Long before curatorial practice became integral to my work, I devoured exhibition catalogs. As a scholar/curator, however, I have tended to chafe at some of the limitations of the standard notions of the catalog.

Here’s a post on an experimental alternative to those conventional notions: the catalog for the Universo futurista / Futurist Universe exhibition (April 21, 2018 – May 19, 2019) at the Fondazione Sonia e Massimo Cirulli in Bologna–a catalog in the form of an (infinitely?) expansible universe of constantly reshuffled pamphlets and posters, bound together in a vacuum-packed wrapper (just like the ones you use to make your sous-vide ribeye).

Collections are forever “in process,” so here’s a catalog that is forever in process.

Here’s the catalog with various cover treatments.
 


 
Don’t get me wrong: catalogs perform a fundamental function. Shows come and go; catalogs stay. However meticulously crafted, however long they last, and however much they succeed in lingering in the memory of visitors, exhibitions are an ephemeral form of cultural argument. Travel from venue to venue may grant them a second, third, and even fourth existence. But their life cycle is short and, the day they are gone, they evanesce for good. Works return to storage or lenders, installations invade dumpsters. Installation photographs alone persist.

Catalogs partake of the extended life cycle of books. That means endurance over decades and even centuries, rather than years. Yet catalogs have typically been conceived less as medium-specific artifacts or living documents in their own right, than as marketing devices: on-site gallery supports and off-site extensions of a show. Hence the mad rush to make them coincide with exhibition openings, perversely excluding, in the process, any inclusion of the exhibition qua event or documentation of the event as a spatial argument.

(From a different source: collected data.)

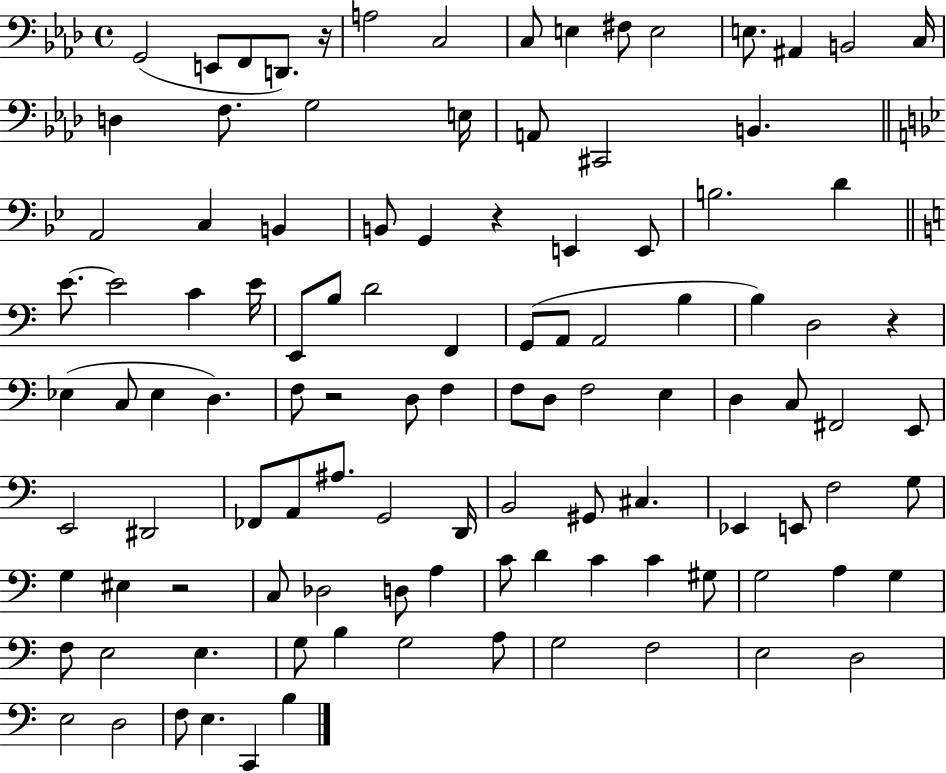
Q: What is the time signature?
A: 4/4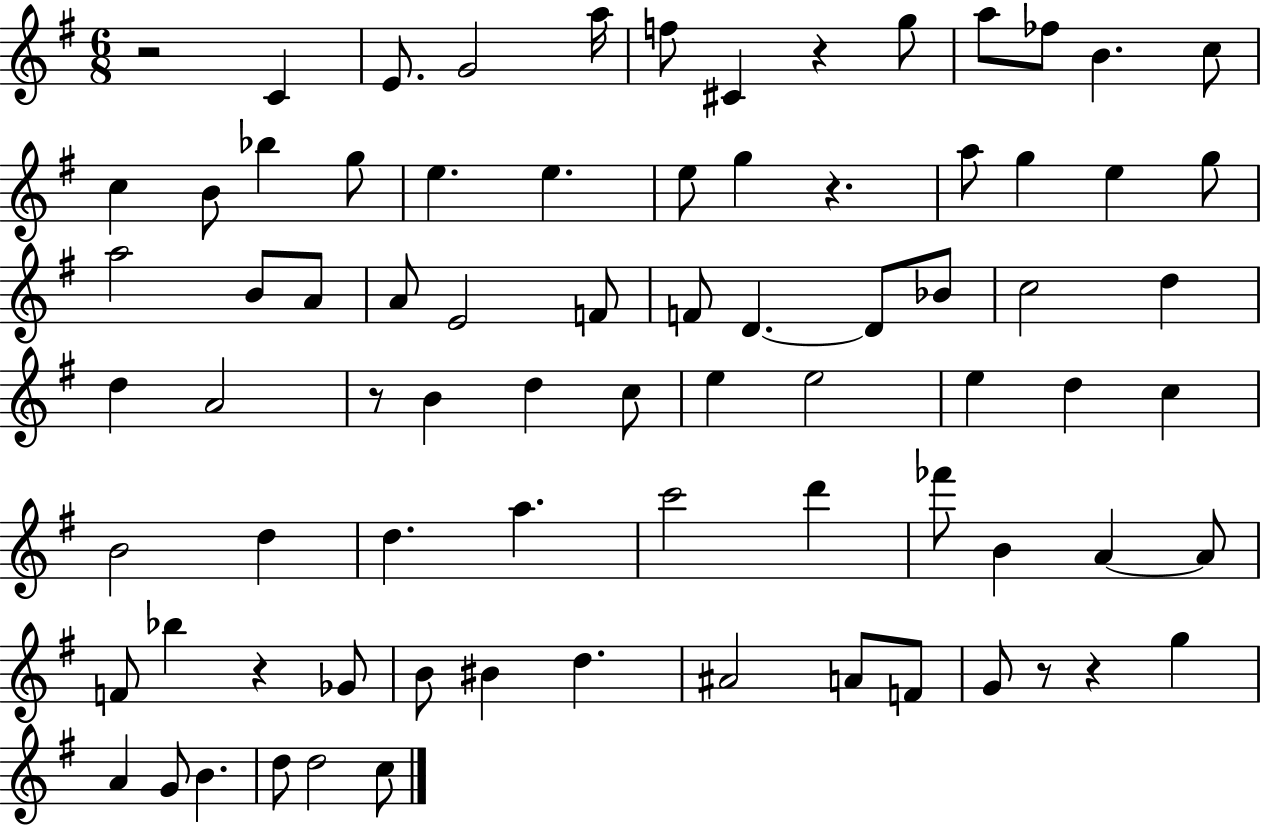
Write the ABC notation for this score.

X:1
T:Untitled
M:6/8
L:1/4
K:G
z2 C E/2 G2 a/4 f/2 ^C z g/2 a/2 _f/2 B c/2 c B/2 _b g/2 e e e/2 g z a/2 g e g/2 a2 B/2 A/2 A/2 E2 F/2 F/2 D D/2 _B/2 c2 d d A2 z/2 B d c/2 e e2 e d c B2 d d a c'2 d' _f'/2 B A A/2 F/2 _b z _G/2 B/2 ^B d ^A2 A/2 F/2 G/2 z/2 z g A G/2 B d/2 d2 c/2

To renounce this temporal coupling between exhibition opening and the catalog’s vernissage is to transgress an iron-clad law of modern museology (and gift store economics).

Daniele Ledda (of xycomm in Milan) and I opted for a different approach in the case of Universo futurista / Futurist Universe. Our idea was to develop a catalog that both supported an exhibition and could be produced serially, supplemented and expanded during the run of a show. Since, at core, every codex is an assembly of signatures bound together into a single unit, we chose to unbind the signatures, publish them as individual pamphlets, reshuffle them so as to ensure that the catalog itself would be at once predictable and unpredictable, a mass produced object and an artisanal one-off, and then “bind” them together by means of printed vacuum bags.
 

 
A core set of assets were present at the start: curatorial essays, section essays for each of the major units of the show by various collaborators, some micronarratives. Others we added as the show rolled on: an entire folding poster on a room that was invented and designed in improvisatory fashion, during the very process of installation–the Balla Room.
 

 
Other assets–on the Spazio Dino Gavina designed by Achille e Pier Giacomo Castiglioni and various outreach activities–remain in preparation. The catalog is recast in the role of an active support, a catalyst of and generator of interactions, an event in itself that lives the same life of the exhibition even as it carries on its legacy.